Pengertian dari korupsi secara harfiah menurut John M. Echols dan Hasan Shadaly, berarti jahat atau busuk, sedangkan menurut A.I.N. Kramer SRmengartikan korupsi sebagai ; busuk, rusak atau dapat disuap.
Pengertian korupsi menurut Gurnar Myrdal dalam bukunya Asian Drama, Volume II adalah :
To include not only all forms of improper or selfish exercise of power and influence attached to a public office or the special position one occupies in the public life but also the acivity of the bribes.
“Korupsi tersebut meliputi kegiatan-kegiatan yang tidak patut yang berkaitan dengan kekuasaan, aktivitas-aktivitas pemerintahan, atau usaha-usaha tertentu untuk memperoleh kedudukan secara tidak patut, serta kegiatan lainnya seperti penyogokan.”Kemudian arti korupsi yang telah diterima dalam perbendaharaan kata bahasa Indonesia, disimpulkan oleh Poerwadarminta : “Korupsi ialah perbuatan yang buruk seperti penggelapan uang, penerimaan uang sogok dan sebagainya.”
Tindak pidana korupsi di Indonesia sudah sangat meluas dan telah masuk sampai ke seluruh lapisan kehidupan masyarakat.
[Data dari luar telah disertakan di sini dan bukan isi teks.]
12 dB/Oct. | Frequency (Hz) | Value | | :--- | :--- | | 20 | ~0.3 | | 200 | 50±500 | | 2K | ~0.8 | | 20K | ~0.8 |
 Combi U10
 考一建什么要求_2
Perkembangannya terus meningkat dari tahun ke tahun, dalam jumlah kasus yang terjadi dan jumlah kerugian keuangan negara serta dari segi kualitas tindak pidana korupsi yang dilakukan semakin sistematis yang telah memasuki seluruh aspek kehidupan masyarakat. Harus kita sadari meningkatnya tindak pidana korupsi yang tidak terkendali akan membawa dampak yang tidak hanya sebatas kehidupan perekonomian nasional tetapi juga pada kehidupan berbangsa dan bernegara pada umumnya.
Perbuatan tindak pidana korupsi merupakan pelanggaran terhadap hak-hak sosial dan hak-hak ekonomi masyarakat, sehingga tindak pidana korupsi tidak lagi digolongkan sebagai kejahatan biasa melainkan telah menjadi kejahatan luar biasa. Sehingga dalam upaya pemberantasannya tidak lagi dapat dilakukan secara biasa, tetapi dituntut cara-cara yang luar biasa.
Penegakan hukum dalam rangka pemberantasan tindak pidana korupsi yang selama ini dilakukan secara konvensial terbukti telah mengalami berbagai hambatan. Dengan demikian, diperlukan metode penegakan hukum secara luar biasa melalui pembentukan suatu badan khusus yang mempunyai kewengangan luas, independen serta bebas dari kekuasaan manapun dalam upaya pemberantasan tindak pidana korupsi, yang pelaksanaannya dilakukan secara optimal, intensif, efektif, profesional, serta berkesinambungan.
Badan khusus yang dimaksud adalah KPK (Komisi Pemberantasan Korupsi) yang memiliki kewenangan melakukan koordinasi dan supervise, termasuk melakukan penyelidikan, penyidikan dan penuntutan, sedangakan mengenai pembentukan, susunan organisasi, tata kerja dan pertanggungjawaban diatur dengan undang-undang. KPK merupakan lembaga negara yang bersifat independen, melaksanakan tugas dan wewenangnya bebas dari kekuasaan manapun.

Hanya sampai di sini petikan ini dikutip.